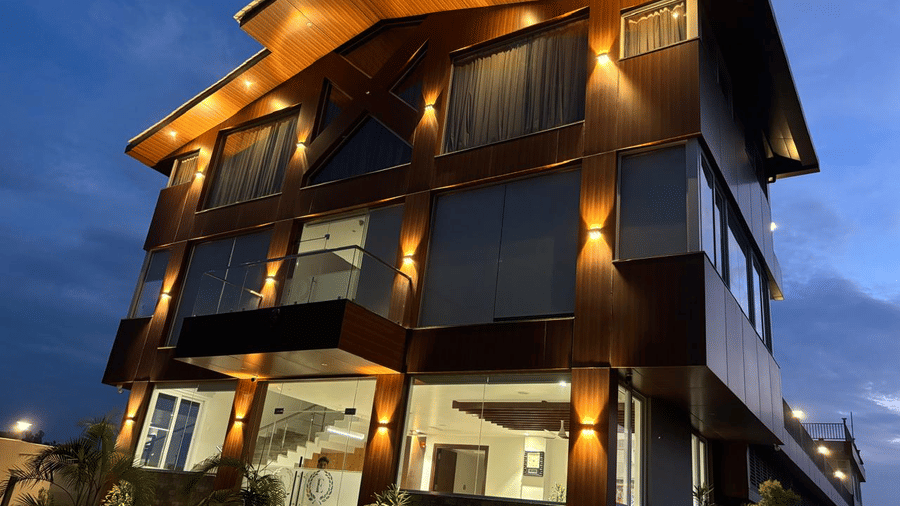 Close up of the facade of Eminence The Corbett resort in Ramnagar, with exterior lighting and beautiful evening sky in the background.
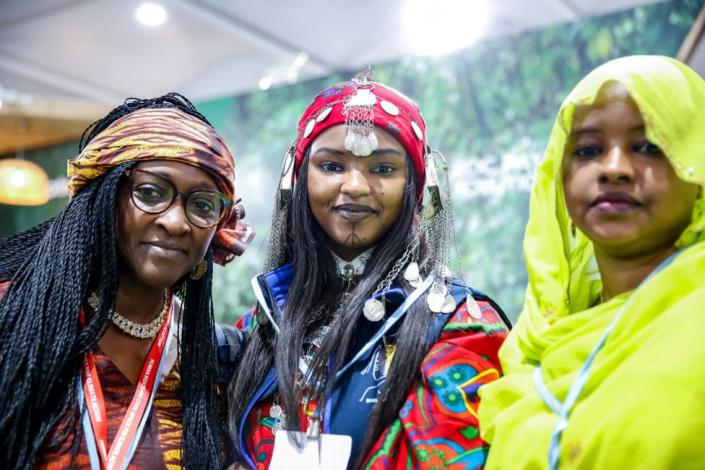 Women in traditional dresses pose in Congo Pavilion on the second day of the COP27 UN Climate Change Conference, held by UNFCCC in Sharm El-Sheikh International Convention Center. COP27, running from November 6 to November 18 in Sharm El Sheikh focuses on implementation of measures already agreed during previous COPs. The Conference in Sharm El Sheikh focuses also on the most vulnerable communities as the climate crisis hardens life conditions of those already most disadvantaged.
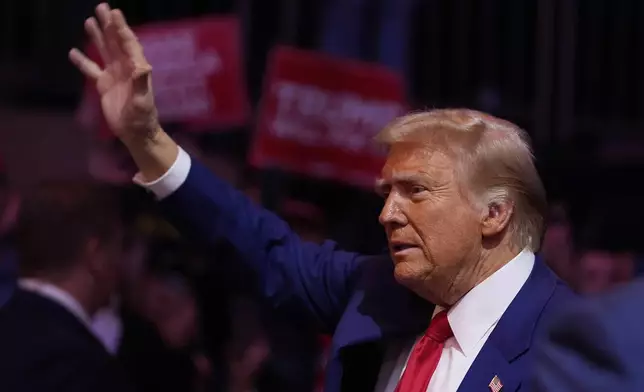 Republican presidential nominee former President Donald Trump waves at a campaign rally at Madison Square Garden, Sunday, Oct. 27, 2024, in New York. (AP Photo/Alex Brandon)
· · · · · · ·
# Exercise objective:
Images should not appear in the copy; retype the listing above exactly.

# Exercise solution:
 Close up of the facade of Eminence The Corbett resort in Ramnagar, with exterior lighting and beautiful evening sky in the background.
 Women in traditional dresses pose in Congo Pavilion on the second day of the COP27 UN Climate Change Conference, held by UNFCCC in Sharm El-Sheikh International Convention Center. COP27, running from November 6 to November 18 in Sharm El Sheikh focuses on implementation of measures already agreed during previous COPs. The Conference in Sharm El Sheikh focuses also on the most vulnerable communities as the climate crisis hardens life conditions of those already most disadvantaged.
 Republican presidential nominee former President Donald Trump waves at a campaign rally at Madison Square Garden, Sunday, Oct. 27, 2024, in New York. (AP Photo/Alex Brandon)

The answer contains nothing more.